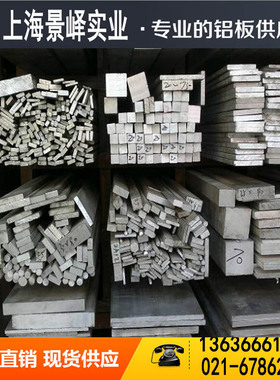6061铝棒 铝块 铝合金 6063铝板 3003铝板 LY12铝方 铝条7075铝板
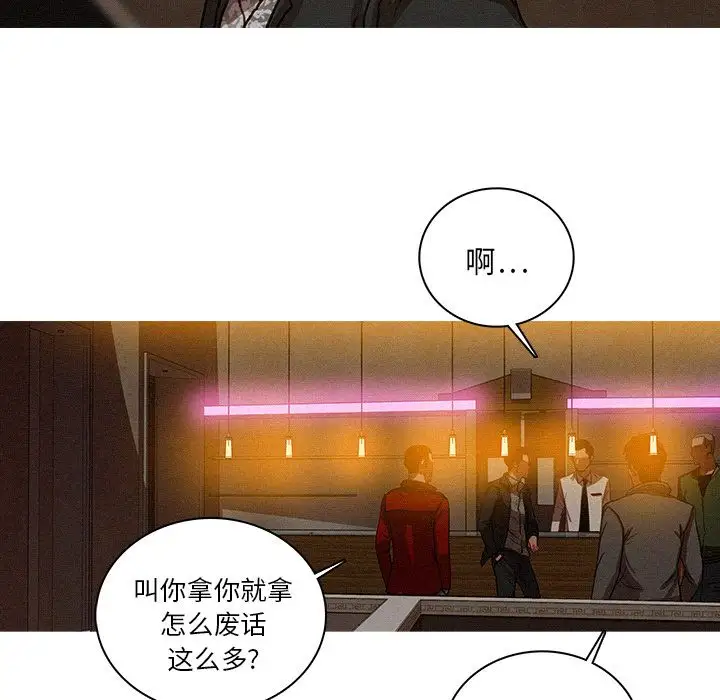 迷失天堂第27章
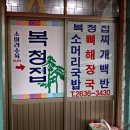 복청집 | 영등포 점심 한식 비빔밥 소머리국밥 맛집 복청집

---

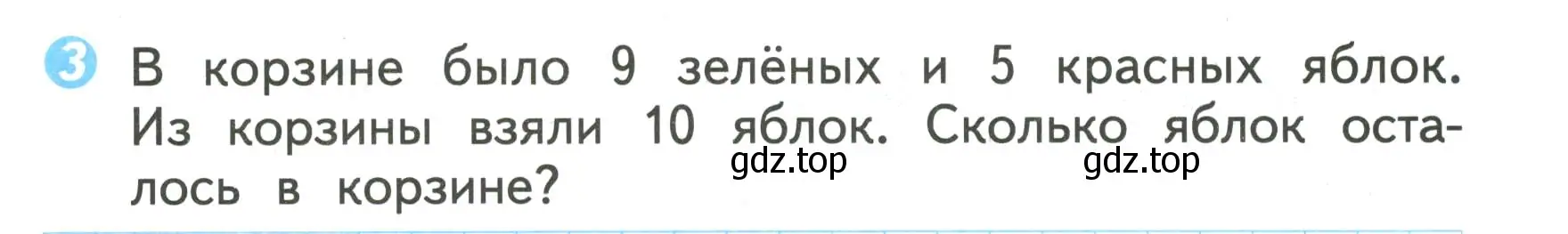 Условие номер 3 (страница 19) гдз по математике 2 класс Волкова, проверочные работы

--

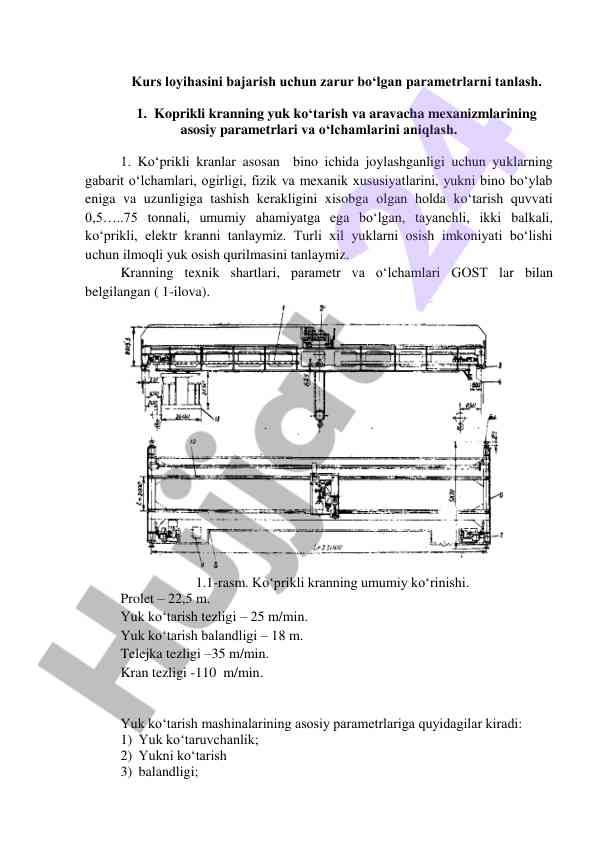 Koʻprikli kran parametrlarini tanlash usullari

> [YOUR OBJECTIVE]: Write out exactly the run of lines above that starts at the line containing "6061铝棒 铝块 铝合金 6063铝板 3003铝板 LY12铝方 铝条7075铝板" and ends at the line containing "복청집 | 영등포 점심 한식 비빔밥 소머리국밥 맛집 복청집". Include both, and leave the pictures out.

> [YOUR SOLUTION]:
6061铝棒 铝块 铝合金 6063铝板 3003铝板 LY12铝方 铝条7075铝板
 迷失天堂第27章
 복청집 | 영등포 점심 한식 비빔밥 소머리국밥 맛집 복청집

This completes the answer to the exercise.